Overview of the process
Re-submitted runs are run in sections. Each section of the run will use the same settings, there's no need to change the start dates or run times in between sections. The model is restarted from the last dump file. After each section is finished for the next section to start off from, you won't need to update ancillary files in between sections either. Basically, the process involves four basic steps:
- Set up the total run length then enable and configure some settings in the resubmission window.
- Submit the first section, called the Initial or New run (NRUN).
- Include a hand-edit file that will specify that subsequent runs will be Continuation runs (CRUN).
- Submit the job again. This will commence the automatic resubmission process and jobs will be resubmitted until the Target run length is reached.
Total run length
The start date and total run length of the entire simulation should be entered in Input/Output Control -> Start Date and Run Length
In this example the simulation will cover 1 month starting at 1/10/1978.
Section run length
The run time for each section is entered in Input/Output Control -> Job submission.

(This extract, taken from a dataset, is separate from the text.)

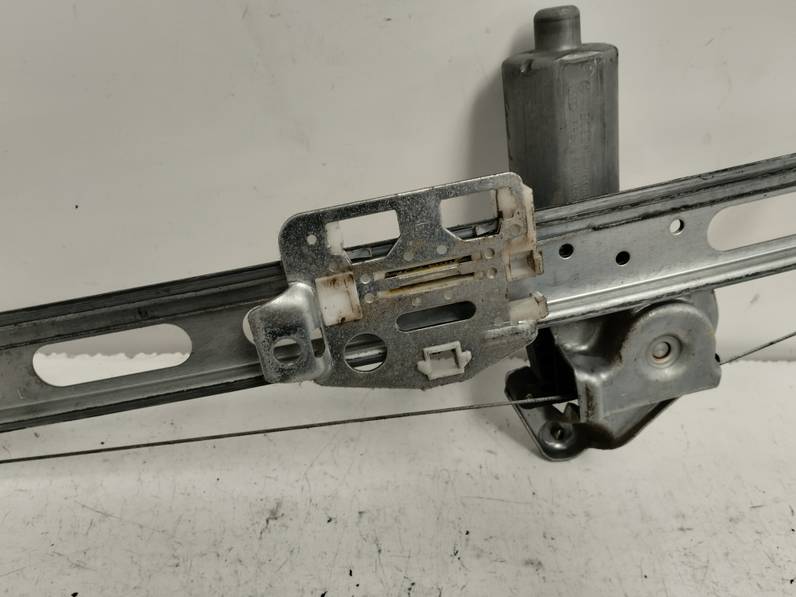 ELEVALUNAS DELANTERO IZQUIERDO MERCEDES CLASE A 1999 1.7 CDI D (90 CV)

Once on the job submission screen press NEXT to reach the re-submission panel.
You'll need to enable the automatic re-submission checkbox, then specify how long each section of the job should run for. You may also need to change the job time limit.
In this example each section will run for 5 days, so there will be 6 sections to make up a 1 month simulation.
You'll also need to make sure a model dump is written after each section for the model to be restarted from. In Atmosphere->Control->Post processing->Dumping and Meaning check how often restart dumps are being written, the section length should be a multiple of the regular dump frequency to ensure a restart dump is written on the last time-step of each section.
In this example a restart dump is written every 5 days, at the end of each run section.
The initial run will run the reconfiguration on the ancillary files and initial conditions, run the model for a single section and output a restart file from which the job can be continued. For this run the ancillary file ~access/crun.ed must be disabled
Once the initial run has completed further runs can be continued from the restart files. The handedit ~access/crun.ed makes the job read from restart files instead of reconfiguring the initial conditions. The model will run for a single section and then output the next checkpoint, then resubmit itself to the queue to run the next segment. This will continue until the model has run for the total length of the simulation.
Extending the run length
You are able to extend the total run duration by setting a longer total run length in the UMUI once you've started the run. Either wait for the current section to complete or manually stop the run using 'qdel'. Then increase the run length setting in the UMUI and process & submit as a CRUN. Be sure to check that any ancillary files that you are using will be valid for the new run duration.